He told her about the desk, and the inks and the pens, and while he told her she took the book from his hands and went to the window with it. There was a strange perfume coming off it. She raised it to her nose - not too close - and inhaled its scent. It smelt like a cold fire, like embers left in the rain, but sharpened by a spice she knew she would never find on a supermarket shelf. The smell made her think twice about opening the book; but how could she not, given where it had come from? She put her thumb against the edge of the cover and lifted it. On the inside page was a single circle, drawn in black or perhaps dark brown ink. No name. No title. Just this ring, perfectly drawn.

'It's his, isn't it?' she said to Sherwood.

'I think so.'

'Does anyone know you took it?'

'No, I don't think so.'

That at least was something to be grateful for. She turned to the next page. It was as complex as the previous page had been simple: row upon row upon row of writing, tiny words pressed so close to one another it was almost a seamless flow. She flipped the page. It was the same again, on left and right. And on the next two sheets, the same; and on the next two and the next two. She peered at the script more closely, to see if she could make any sense of it, but the words weren't in English. Stranger still, the letters weren't from the alphabet. They were pretty, though, tiny elaborate marks that had been set down with obsessive care.

'What does it mean?' Sherwood said, peering over her shoulder.

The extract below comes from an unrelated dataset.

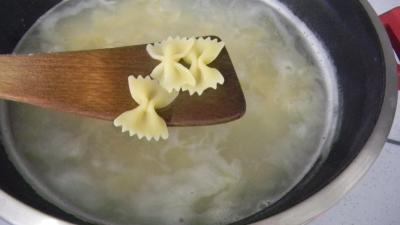 Recette Ricotta et ses pâtes papillon aux endives
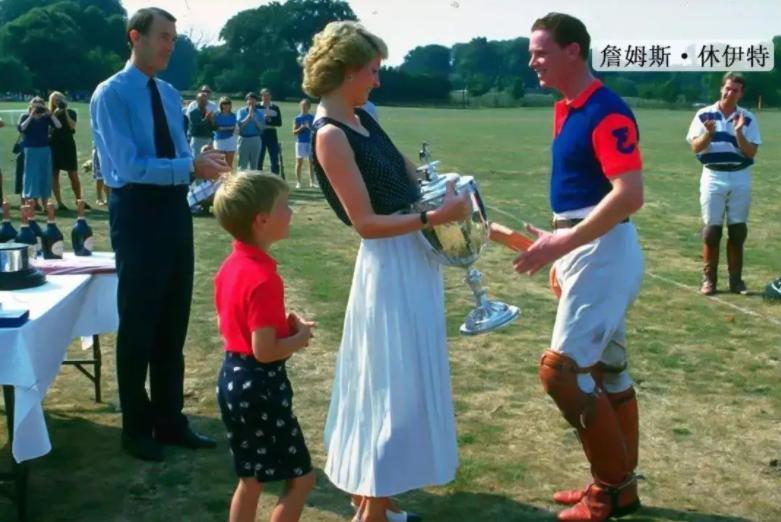 戴安娜的2个著名情人：一个用她挣钱为她自杀，一个陪她命丧黄泉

'I don't know. I've never seen anything like it before.'

'Do you think it's a story?'

'I don't think so. It isn't printed, like a proper book.' She licked her

forefinger and dabbed it on the words. It came away stained. 'It was written by him,' she said. 'By Jacob?' Sherwood breathed. 'Yes.' She flipped over a few more pages and finally came to a picture. It was an insect - a beetle of some kind, she thought - and like the writing on the preceding pages it had been set down exquisitely, every detail of its head and legs and iridescent wings so meticulously painted it looked uncannily lifelike in the watery light, as though it might have risen whirring from the paper had she touched it. 'I know I shouldn't have taken the book,' Sherwood said, 'but now I don't want to give it back, 'cause I don't want to see him again.' 'You won't have to,' Frannie reassured him. 'You promise?' 'I promise. There's nothing to be afraid of, Sher. We're safe here, with Mum and Dad to look after us.' Sherwood had put his arm through hers. She could feel his thin body quivering against her own. 'But they won't be here always, will they?' he said, his voice eerily flat, as though this most terrible of possibilities could not be expressed unless stripped of all emphasis. 'No,' she said. 'They won't.' 'What will happen to us then?' he said. 'I'll be here to look after you,' Frannie replied. 'You promise?' 'I promise. Now, it's time you were back in bed.' She took her brother by the hand and they both tiptoed out along the landing to his room. There she settled him back in his bed, and told him not to think about the book or the Courthouse or what had happened tonight any more, but to go back to sleep. Her duty done she returned to her own bedroom, closed the door and the curtains, and put the book in the cupboard under her sweaters. There was no lock on the cupboard door, but if there had been she would have certainly turned the key. Then she climbed between the now chilly sheets and put on the bedside light, just in case the beetle in the book came clicking across the floor to find her before dawn; which possibility, after the evening's escapades, she could not entirely consign to the realm of the impossible.

CHAPTER IV

i

Will consumed his soup like a dutiful patient, and then, once Adele had taken his temperature, collected his tray and gone back downstairs, quickly got up and dressed. It was by now early in the evening, and the sleety day . was already losing its light, but he had no intention of putting his journey off until tomorrow.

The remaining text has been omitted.